В чреве таком иногда помещается целый секстарий
Или содержится в нем даже целая мера. В сосуде,
Если смолистым составом обмазать его, сохранятся,
Порчи не ведая долго, дары благородного Вакха.[8]
Франкские аристократы и их крестьяне ели примерно одни и те же продукты, но все-таки их рацион существенно различался. Именно здесь социальный разлом становился наиболее зримым. На столе сеньора, не обязательно крупного магната, но даже мелкого феодала, еда была более качественной и лучше приготовленной, здесь было вдоволь мяса, да и вообще значительно больше еды. Знать редко голодала и благодаря запасам и ресурсам не бедствовала даже в неурожайные годы. Крестьяне, напротив, частенько становились жертвами голода, стоило лишь непогоде уничтожить посевы или эпидемии поразить скот. Они жили в мире куда как более опасном и хрупком. Даже в относительно благополучные времена многие с трудом дотягивали до нового урожая. «Летней порой беднякам обычно не хватает еды», — признается автор жития Св. Гуго Руанского, написанного в 830-х гг.

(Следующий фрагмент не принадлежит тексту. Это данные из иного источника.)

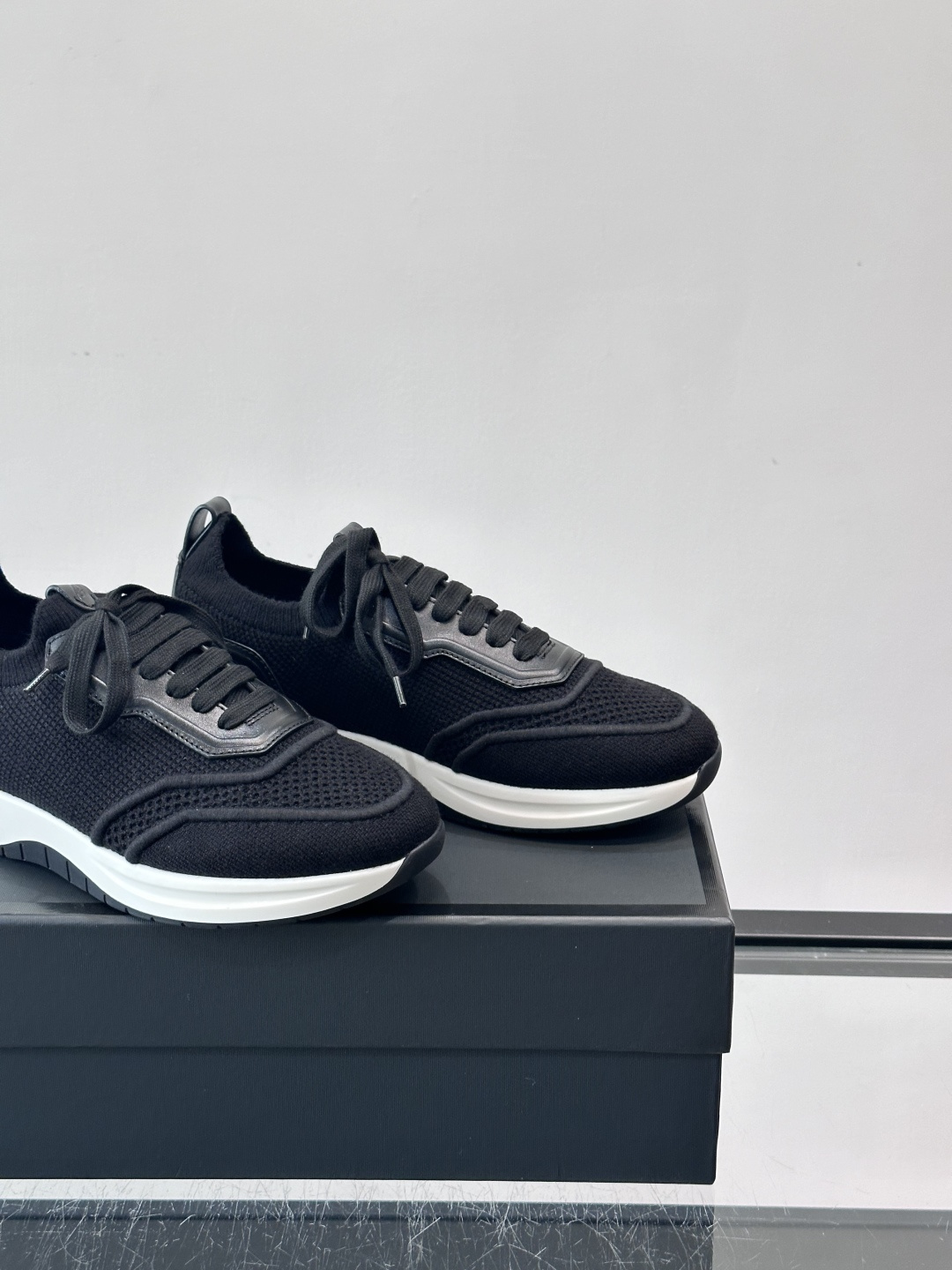 Brioni男士休闲运动鞋，全羊毛弹性鞋面，轻盈透气，穿着超舒适无束缚感。多色拼接设计简约又有层次，白色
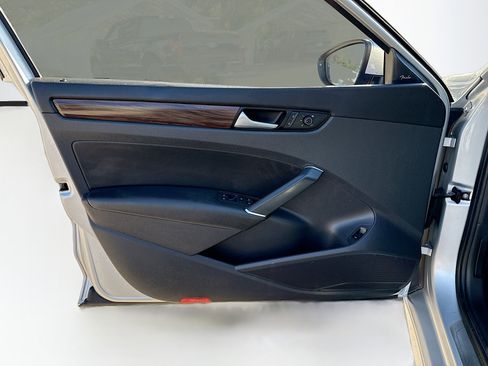 Used 2020 Volkswagen Passat 2.0T SEL image 22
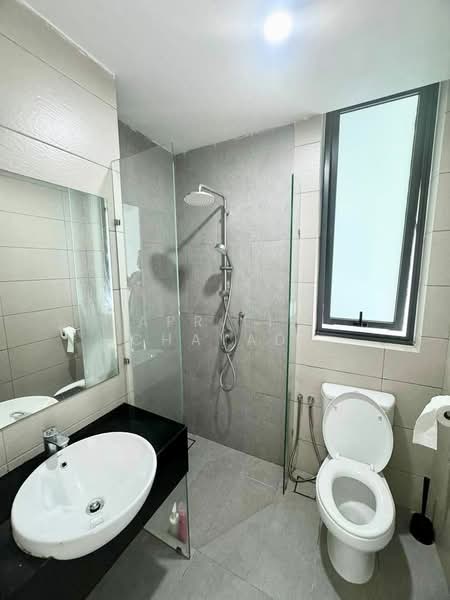 Condominium for Rent at The Elysia Park Residence - APRILIA CHAYADI - Bathroom - PropertyGuru.com.my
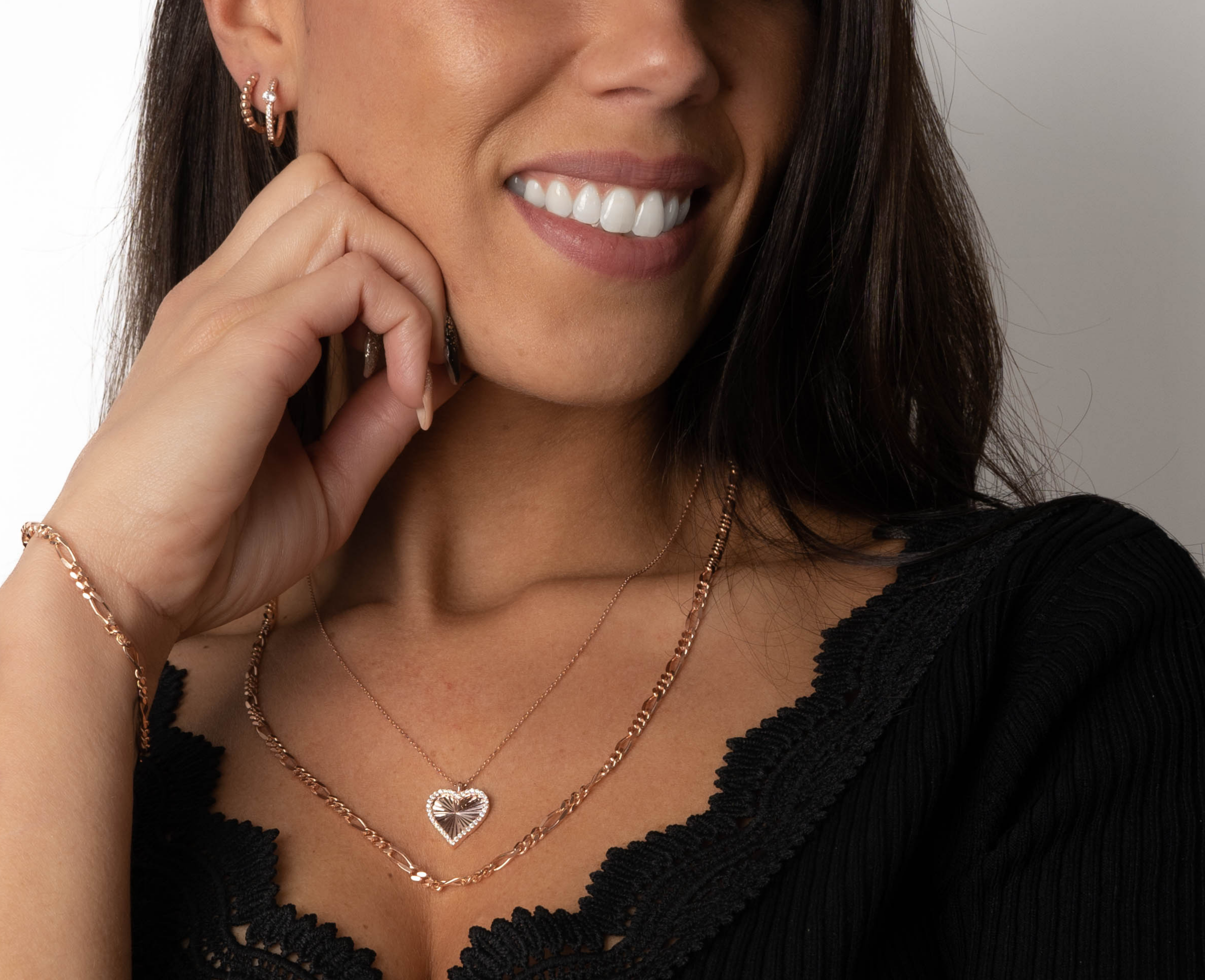 Model trägt FIGARO Halskette S Rosé im Layering-Look – rosévergoldete Figaro-Kette von Dkeniz.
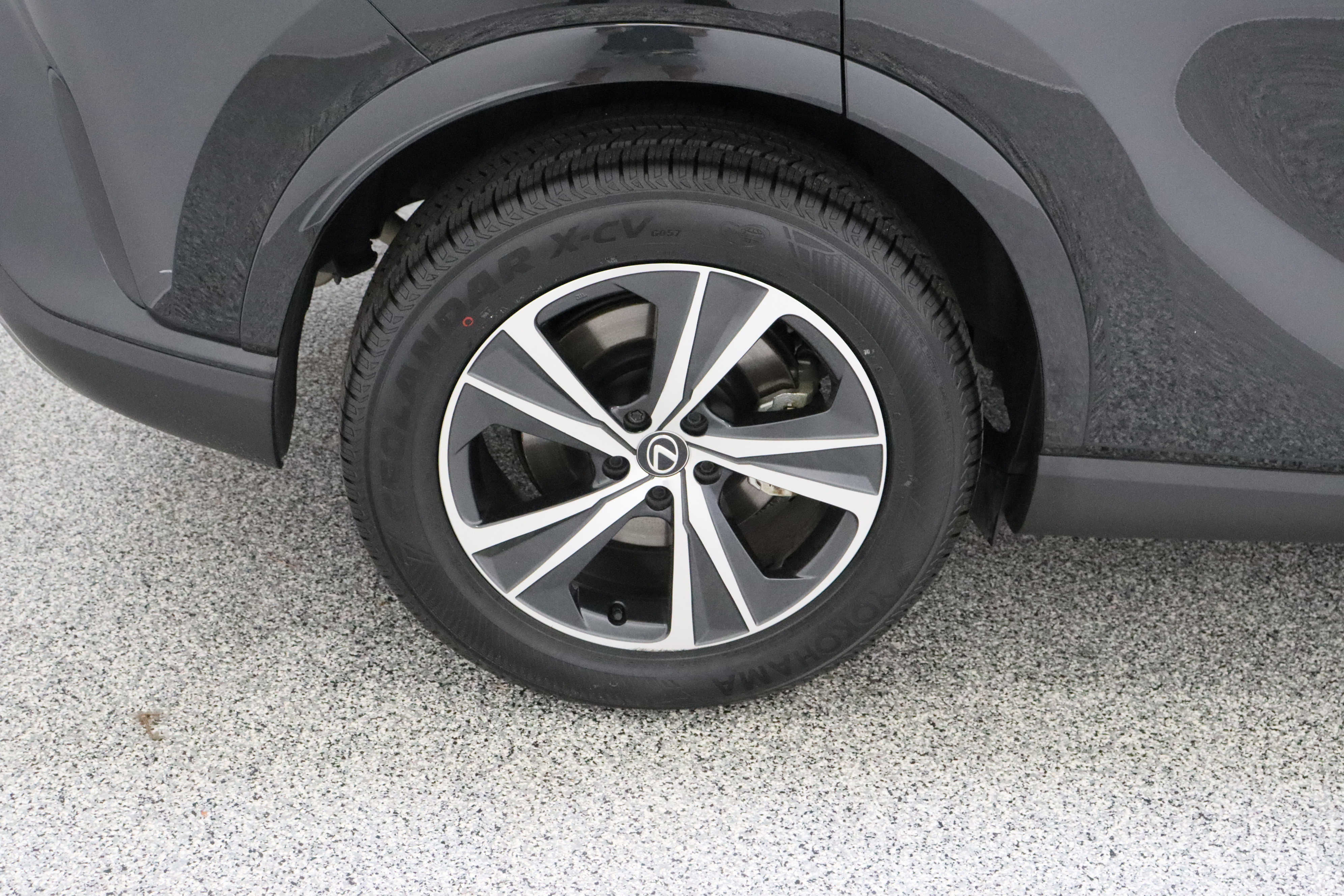 Used 2024 Lexus RX 350h w/ Convenience Package image 6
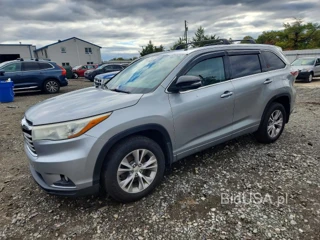 TOYOTA HIGHLANDER XLE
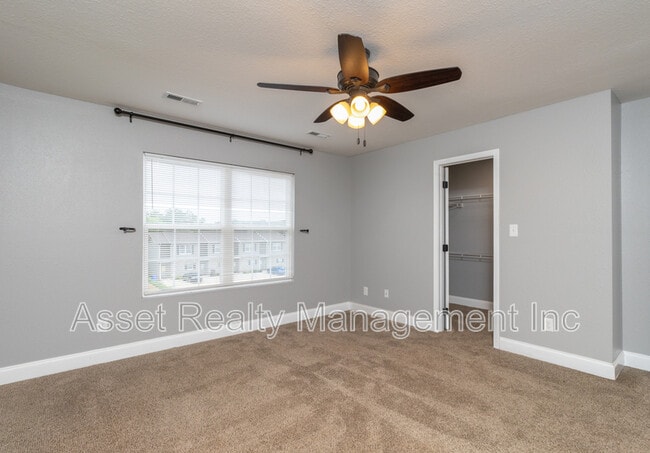 Building Photo - 926 Warrior Hill Dr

На этом фоне настоящим духовным подвигом казался современникам рацион аскетов и отшельников, иные из которых питались лишь подобием «хлеба» из ячменя, золы и глины, запеченными в золе ракушками да кашицей из отрубей с лесными ягодами, а также изредка позволяли себе грибы и размоченный в воде кусочек сыра.
В таких обстоятельствах в каролингском обществе сложились некоторые механизмы перераспределения жизненно важных ресурсов. Так, при епископских резиденциях и особенно при монастырях кормилось огромное количество людей. Например, в Корби для раздачи неимущим ежедневно выпекалось 450 хлебов. В хронике Санкт-Галлена упоминается монастырская печь, которая якобы могла производить до тысячи хлебов. А по сообщению «Фульдских анналов», в середине IX в. только на одном из подворьев, принадлежавших архиепископу Майнца, кормились сотни людей.